He was a frequent feature on ceremonial occasions – not least amid the pageantry of Queen Elizabeth II’s birthday parades – but had ill health not dogged him he would almost certainly have risen to become a distinguished battlefield commander. He was intelligent, well-spoken and organised, and able to handle both the demands of Whitehall and a not always sympathetic media.
Born into a military family in Aldershot in 1954, Roberts was the eldest of 10 children. His father was a brigadier in the Welsh Guards; three of his six brothers and both his sons would follow similar routes. After Ampleforth and Balliol College, Oxford, he was commissioned into the Irish Guards in 1977.
Service in Southern Rhodesia followed, where during Operation Agila in 1979-80 he took responsibility for collecting the weapons of Patriotic Front guerrillas after their ceasefire with the Rhodesian security forces. Afterwards he served with the 4th Armoured Brigade in Germany, and later in Belize and Berlin as a company commander. His qualities were soon noticed at the highest level by Sir Peter Inge.
Roberts became General (now Lord) Inge’s military assistant in 1991; his considerable diplomatic skills and ability to cool a heated situation were of immense value to Inge, who was by then Chief of the General Staff. The same gifts led him to the command of 1st Battalion Irish Guards in time for their inaugural tour of Northern Ireland: a delicate, challenging and important deployment.

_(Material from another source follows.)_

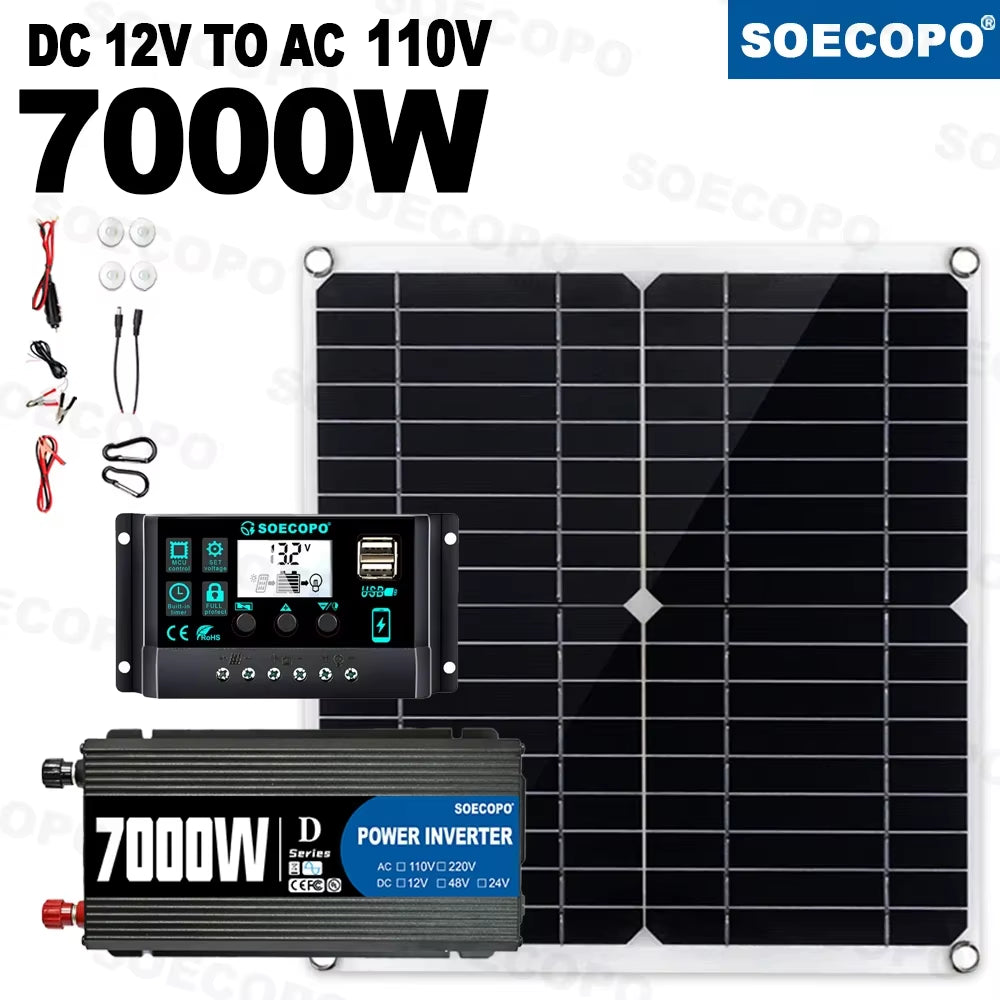 7000W Solar Power Kit with 100A Controller & 300W Panel Inverter 12V to 110V/220V for Home/Camping/Rv/Emergency Backup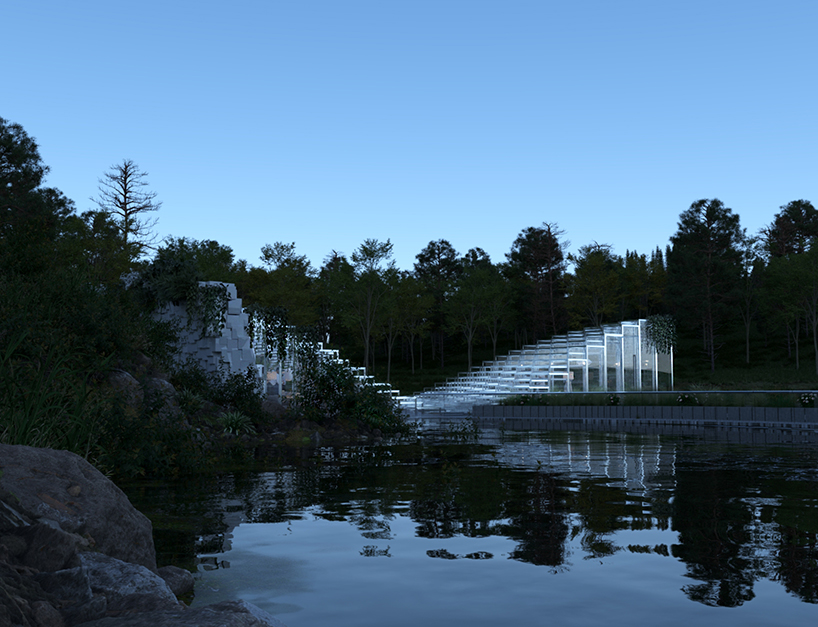 terraced stone and glass platforms shape shuai zhang's sculptural amphitheater in canada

Returning to England, Roberts served in Wiltshire with the striking title of “Colonel Land Warfare 2 (Doctrine)”. There he made perhaps his most important contribution to the British Army, the doctrine Soldiering: the Military Covenant. It amply demonstrated not only the quality of his mind but also the depth of his thought, and it stands as a lasting reflection on the morality of war in the modern age.
“Military effectiveness cannot be based on functional output alone,” Roberts argued, “and unless it is focused on higher external ethics, an army risks the moral bankruptcy of the Waffen SS. Soldiers must know that what they do is right, and that they have the support of their nation, their society, and their government.” In 1999 he was called to serve as the Army’s director of public relations.
It was a busy time; the army was deployed in Iraq, Sierra Leone, Kosovo and Afghanistan, and someone was needed who spoke like a soldier but could at the same time build positive relations with the media. There was so much scrutiny that, as he later observed, the army was “front-page news every day”.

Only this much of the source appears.